Bij de restauratie heeft architect H. van Heeswijk het gehele gebouw zoveel als mogelijk teruggebracht tot de vorm die bij de bouw bedoeld was, die van een middeleeuwse ziekenzaal. Het bijzondere metselwerk is ofwel origineel ofwel strikt naar het aanwezige lokale voorbeeld uitgevoerd. De nieuwbakken stenen zijn maar met moeite van de oude te onderscheiden. Dat de voorgevel nieuw is, valt de bezoeker nauwelijks op. Het plafond met zijn art-nouveau beschildering is dan wel nieuw bedacht, maar fraai is het zeker en goed passend in de sobere Cisterciënzer sfeer.

WARFFUM:

Vervolgens met de bus naar Warffum. Als eerste een bezoek aan het openluchtmuseum “Het Hoogeland”. In dit openluchtmuseum komt het verleden tot leven en kan men ontdekken hoe ruim honderd jaar geleden er op het platteland van Noord-Groningen werd gewoond en gewerkt. Door rond te kijken in de twintig “oude” woonkamers, slaapkamers en werkplaatsen, die met veel detail zijn ingericht, lijkt het alsof de oorspronkelijke bewoners even weg zijn.

Hierna een bezoek aan het atelier van Trudy Beekman in Warffum. Te zien waren hier prachtige gedetailleerde tekeningen, leporello’s (gedrukte harmonicaboeken), manuscripten, eigen uitgaven, ansichtkaarten, schetsmaterialen en schetsboekjes. Ook liet Trudy ons haar prachtig aangelegde cottagetuin (tuin met informele vormen, waarvan de beplanting bestaat uit een mix van vaste planten, siergrassen, rozen en fruitbomen of struiken) zien.

UITHUIZEN, BORG MENKEMA:

Met de bus verder naar Uithuizen, naar de “Menkemaborg”, een burcht gebouwd in de 14e of begin 15e eeuw en gebouwd als verdedigingstoren en vluchtplaats, toen gebouwen van

(5)

steen nog een uitzondering waren. Waarschijnlijk werd het huis verwoest in 1400 en in 1614 weer opgebouwd. Vanaf die tijd deed het dienst als buitenhuis voor adellijke Groningse families, waarvan de familie Albeda de belangrijkste is. Sinds 1927 is de borg een museum en bijzonder vanwege de sfeer van een volledig ingericht en bewoond huis waarvan de bewoners even zijn weggeroepen. Het huidige gebouw stamt uit ca. 1700. De inrichting en aankleding dateren vooral uit de 17e en 18e eeuw. Veel koninklijk geel en keukengroen zijn in de vertrekken te vinden, waarvan één vertrek, met een bed en kamer geheel uitgevoerd in goudgeel zijdedamast uit China, diende als ontvangst- en slaapvertrek van heel belangrijke gasten, zoals Koning Willem III. Hetzelfde geel komt terug in combinatie met grasgroen in de plavuizen van de gezellige keuken en de kelder.
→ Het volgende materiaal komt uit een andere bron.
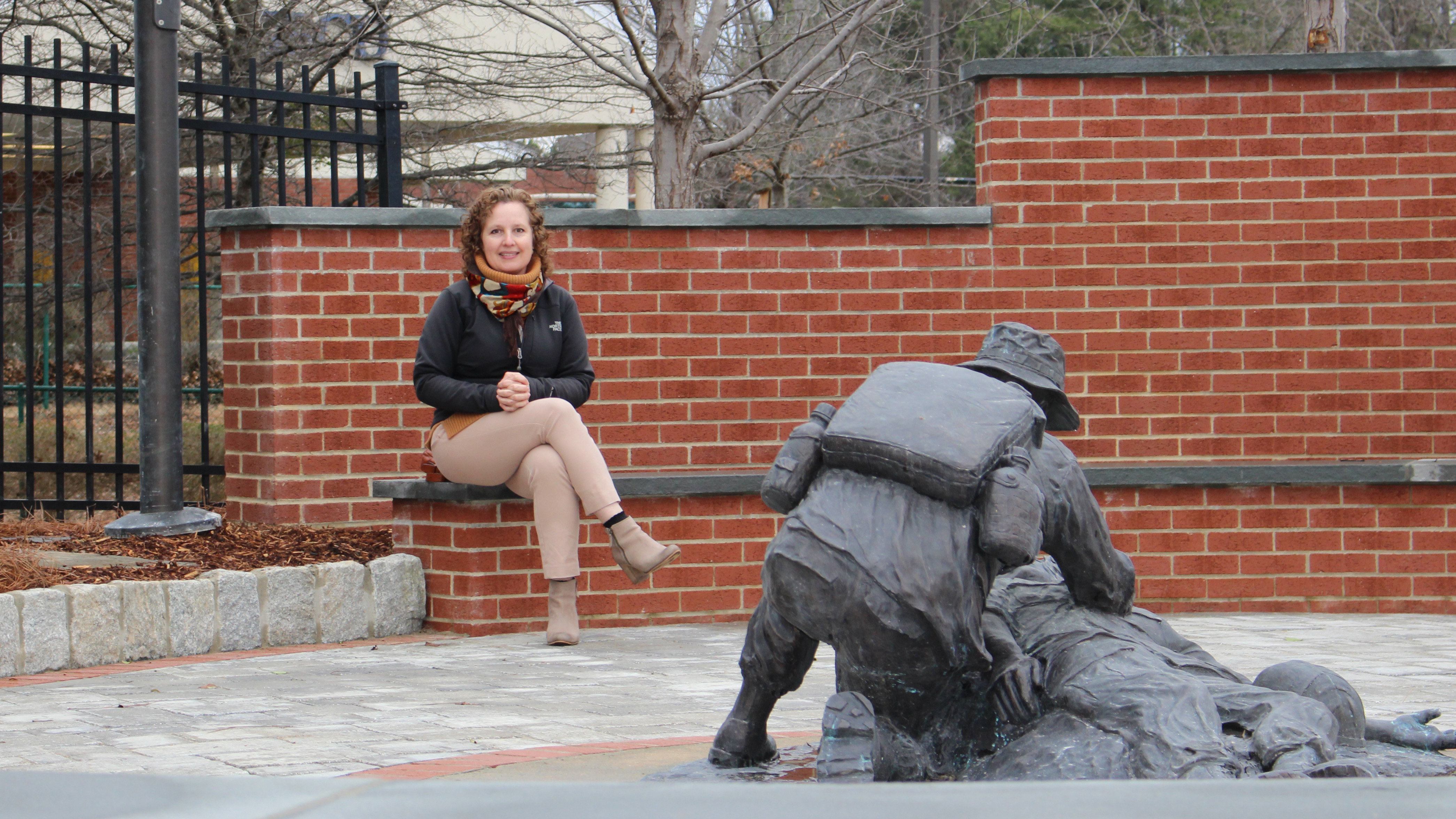 Julieta Sherk seated in a patio. In the foreground: a statue of a medic aiding a wounded soldier.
Bij het doorzoeken van het huisarchief is een tuinplan uit het begin van de 18e eeuw terug gevonden. Dit plan is de leidraad geweest voor de reconstructie van de bij de borg behorende siertuinen, die een ware lusthof zijn. Naast een oogstrelende rozentunnel annex perenberceau (een pad waarbij aan beide zijden fruitbomen staan, die aan de bovenzijde met elkaar zijn verbonden, waardoor een soort tunnel ontstaat) is er ook een spannend doolhof, die overigens niet in het originele tuinplan voorkwam. Tuinen leverden, naast de sier, echter ook het voedsel voor de bewoners. Groenten, fruit en kruiden kwamen uit de eigen nutstuin en werden ingemaakt als wintervoorraad. Een windsingel van onder andere beuken, rond de buitengracht, scheidde de tuinen van de landerijen.
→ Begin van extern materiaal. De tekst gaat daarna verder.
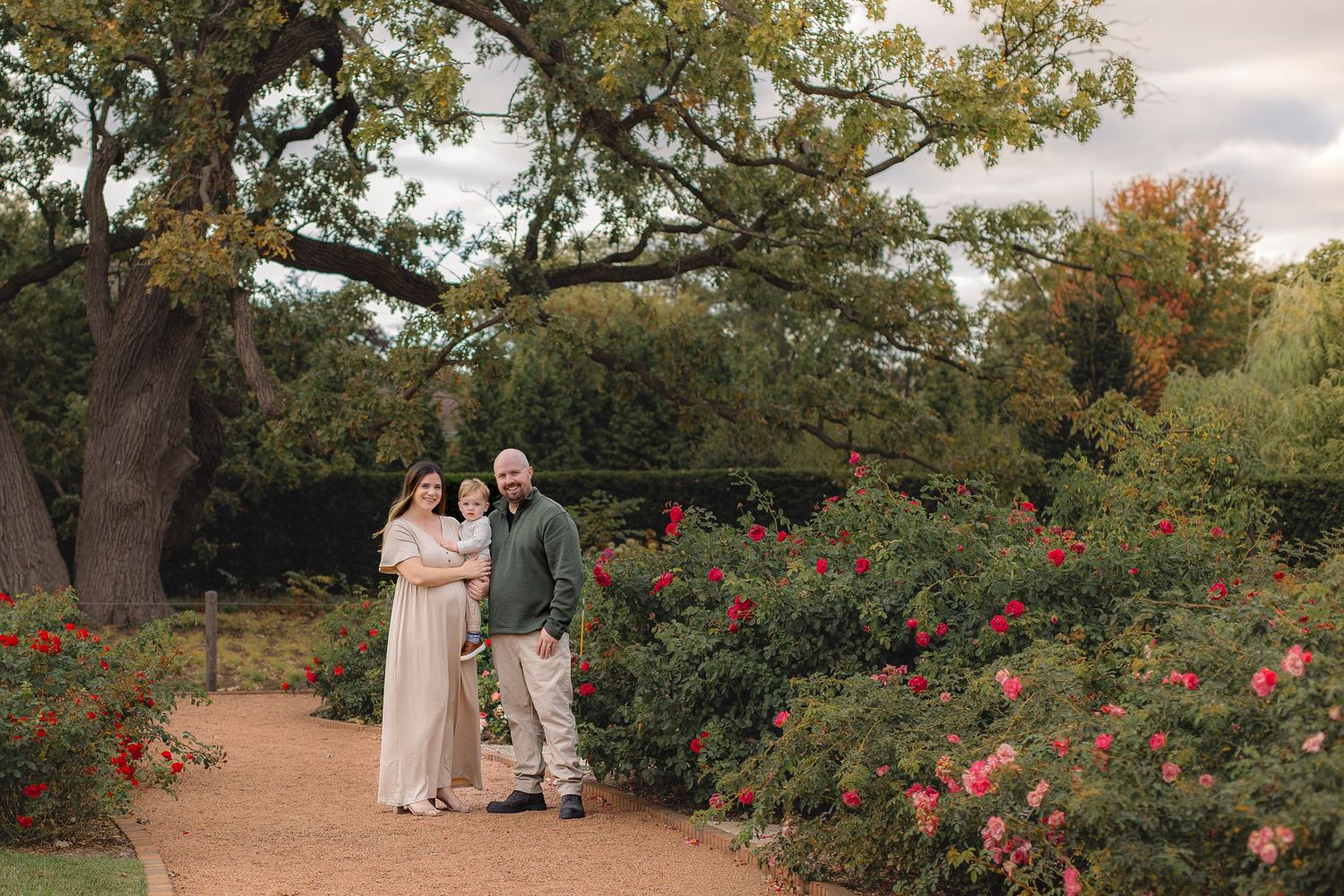 Two people share a romantic moment in a garden path surrounded by blooming rose bushes and trees on an autumn day.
Ook is nog een bijgebouw aanwezig, het Schathuis. Vroeger was dit een grote boerderij waar levende have gestald werd. Hier werd ook bier gebrouwen, gekookt, gekarnd, gewassen en geslacht. De koetsen en paarden stonden er en het diende als opslagplaats voor hooi, stro en graan. Als laatste diende het als slaapplaats voor de knechten.
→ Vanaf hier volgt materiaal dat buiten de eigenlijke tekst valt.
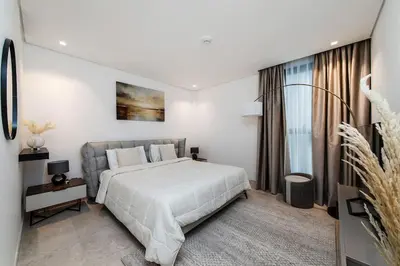 a white bedroom with a large bed and a window at Burj Khalifa View 3bedroom in Dubai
Langs de oprijlaan naar de borg staan dubbele rijen geschoren lindebomen (vergt volgens het onderhoudspersoneel jaarlijks minimaal drie weken snoeiwerk met behulp van een hoogwerker) en op het weiland links staat een duivenslag. Het recht om duiven te houden was vroeger vooral voorbehouden aan adellijke families.

DAG 3, SCHIERMONNIKOOG:

Vandaag een bezoek aan het eiland Schiermonnikoog. Na de oversteek met de veerpont staan er fietsen klaar, waarna eilander Thijs de Boer, tevens strandjutter op het eiland, ons meeneemt op een fietsexcursie op het eiland. Hierbij zullen wij proeven van de gevarieerde landschappen op het eiland, vol bijzondere planten en dieren, van de aanwezige cultuur, de natuur en veel boeiende achtergrondverhalen horen over het heden en verleden van Schiermonnikoog en haar inwoners. Schiermonnikoog is het kleinst bewoonde Friese

(6)

Waddeneiland, met ca. 950 inwoners en is 20 kilometer lang en 4 kilometer breed. De kleuren van de vlag zijn tweemaal het rood-wit-blauw zoals de Nederlandse driekleur, met daartussen een groene strook, verwijzend naar de natuur van Schiermonnikoog. Een aantal eilanders spreekt nog de oorspronkelijke eilandertaal, vereeuwigd in het Eilander Wezzenbúek (woordenboek) én in het eilander volkslied.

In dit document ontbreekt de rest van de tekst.